Main projects for enabling access to electricity in Congo
Energy as an enabler to tackle other development challenges
Eni is designing a so-called Hinda Integrated Project, a community investment project integrating initiatives aimed at promoting a sustainable and equitable development at the local level, in turn contributing to the company’s social license to operate and providing indirect support to the operational processes.
The Hinda project is an example of integrated intervention made possible by the partnership agreement between Eni, the Government of the Republic of the Congo and the Congolese civil society. The project was launched last November 26 during an official ceremony attended by the stakeholders involved in the project.
Enabling access to energy for local communities in the Hinda district (about 40 kilometers northeast of Pointe Noire) could be a key enabler to ensure the sustainability of the other project activities, as it would guarantee a permanent and steady access to the essential services for the communities (water and sanitation, school and education, health, infrastructure, and energy).
In Congo, the Hinda District, like in every rural area in Africa, presents highly disaggregated demand patterns for cooking fuel, electricity, mechanical power, and transportation. Meeting this dispersed need often requires very different basic energy technologies, system designs, billing systems and other features than are necessary or viable in urban and peri-urban areas. This can be further complicated by the higher levels of poverty that usually prevail in rural areas. For rural, cash-poor areas, energy services may require delivery in smaller, more portable, less expensive units that help to meet what may be a more dispersed and intermittent need.

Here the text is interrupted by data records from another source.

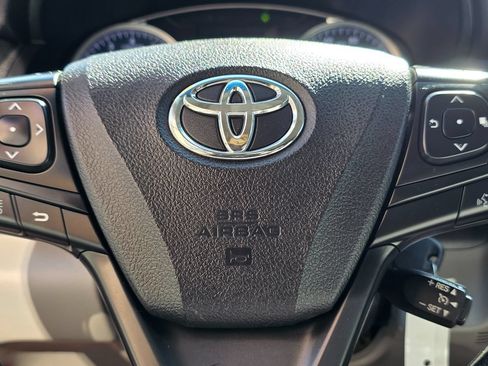Used 2017 Toyota Camry LE FWD image 29
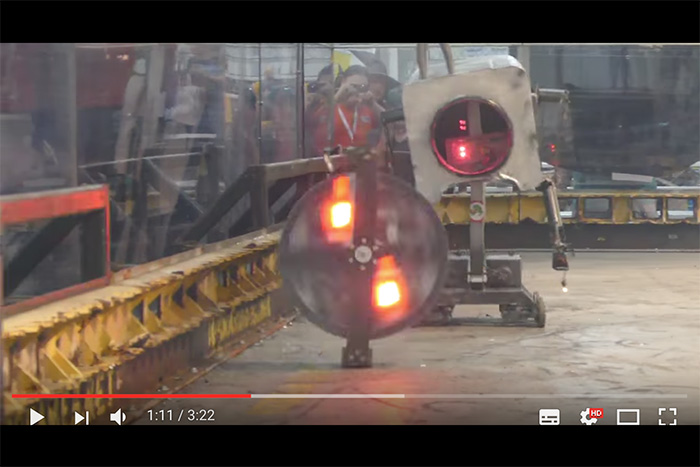 「放火ロボvs.殺人ルンバ」夢の戦闘ロボット対決は両者一歩も譲らず!?(動画アリ)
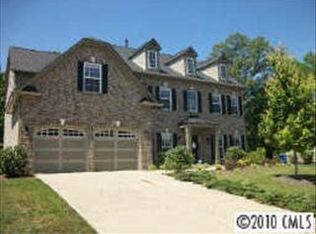 2114 Willowcrest Dr, Waxhaw, NC 28173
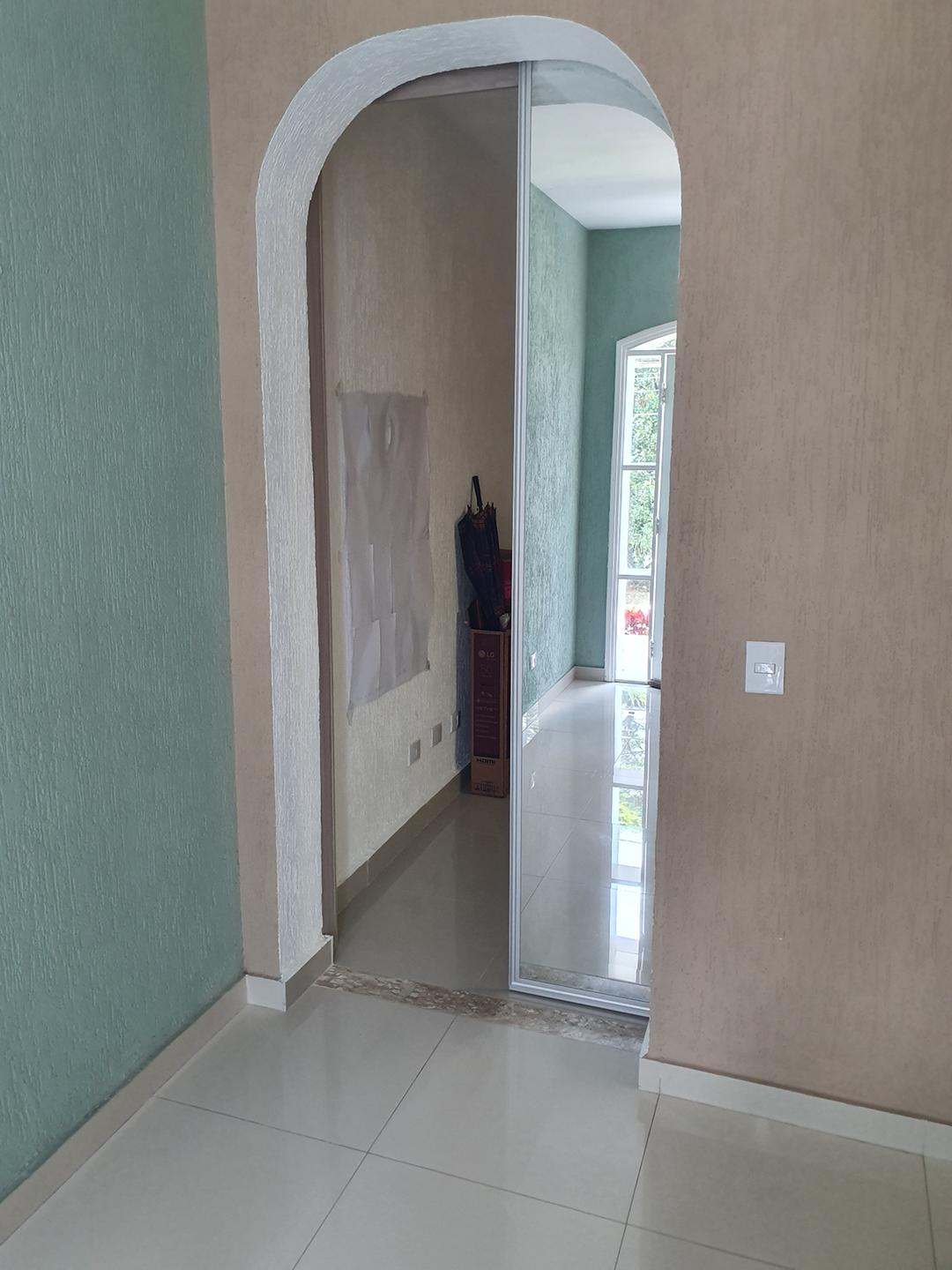 Casa em Condomínio de Alphaville de 250m²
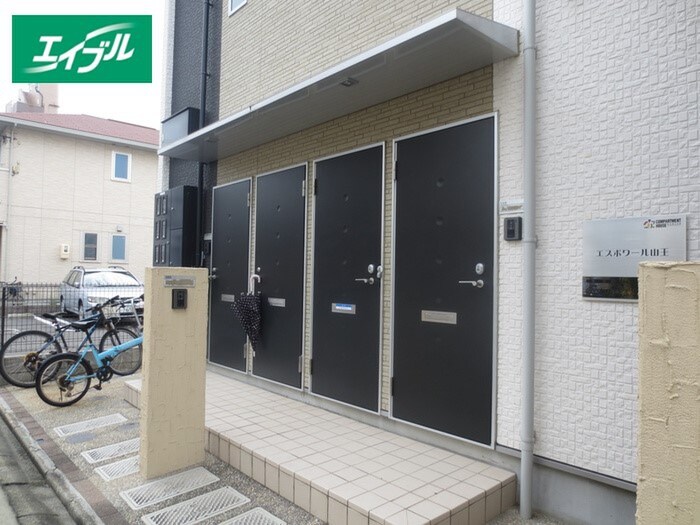 物件外観写真2　(エントランス部分)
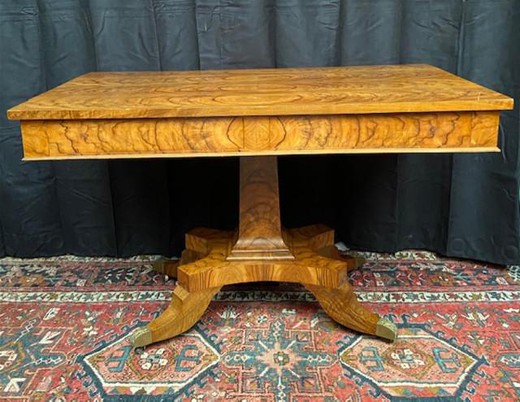 Антикварный стол в стиле Луи-Филипп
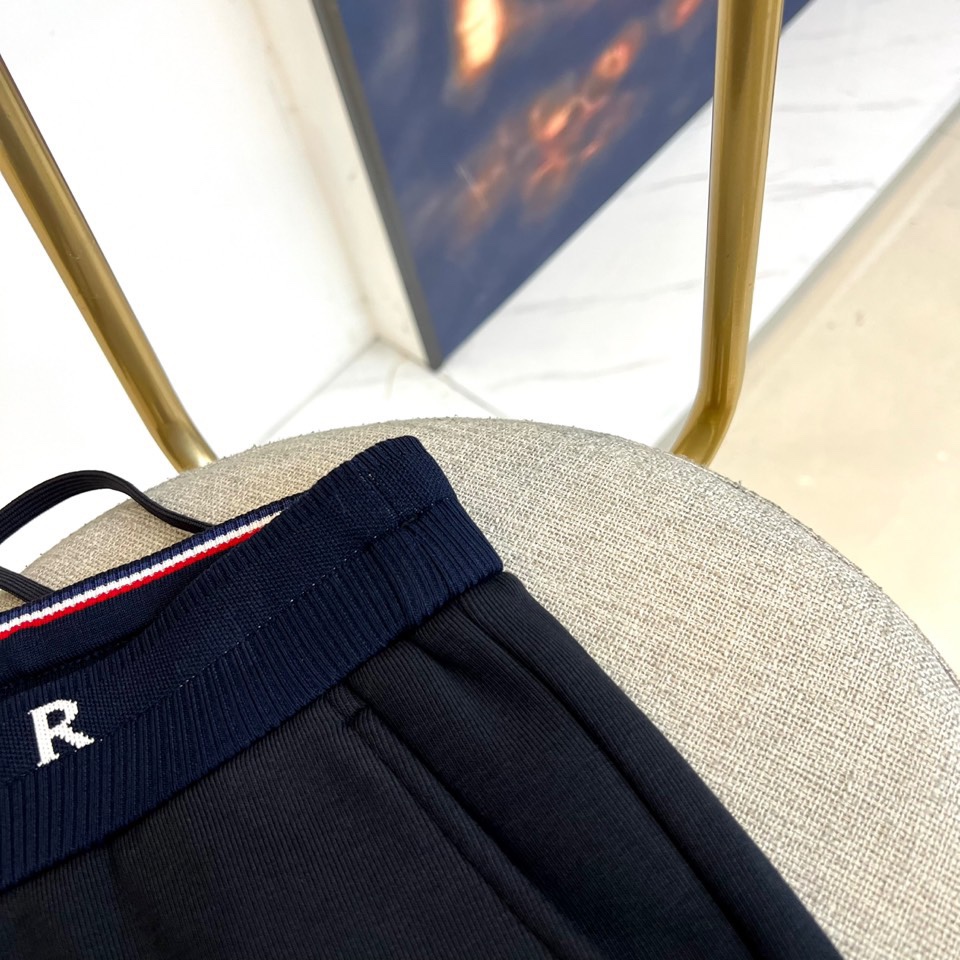 Mon蒙口、2025秋冬新品高端一体绒加厚运动休闲裤，以时尚廓形与实用功能重塑秋冬型格。深藏青底色搭配腰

These complex barriers can be overcome, most notably through international cooperation. Equally important is a clear understanding that local communities must be deeply involved in the planning, execution, and end-use of energy services. Energy access interventions must be guided by the awareness of the local communities’ unique situations and needs. The scale and nature of the access gap3and locations involved means that electricity will need to be provided through both centralized and decentralized energy technologies and systems.
The Hinda Integrated Project’s social intervention and industrial programs tries to integrate the following elements within one single model:
- Grid extension: An extension of the existing transmission and distribution infrastructure to connect communities to power.
- Mini-grid access: Linking a local community to a small, central generating capacity, typically located in or close to the community. The power demand points are linked together in a small, low-voltage grid that may also have multiple smaller generating sources.
- Off-grid access: Generating capacity provides power for a single point of demand, typically a solar household system.
The investment that Eni allocates annually to this type of initiatives is considerable and funded internally through a specific budget line. Eni does this out of an ethical commitment to sustaining local development, but also with the aim of supporting its business in Congo both in terms of social risk mitigation and brand enhancement.
Eni, in partnership with The Earth Institute at Columbia University, is developing a system of monitoring and evaluation of the abovementioned activities in view of measuring the actual value of the activities implemented with respect to the contribution to the Millennium Development Goals, and in particular to the improvement in living conditions of the community.
Based on its experiences in Nigeria and Congo, Eni is looking to replicate this model of associated gas use to other countries, with agreements having been drawn up in Mozambique, Ghana, Togo and Angola.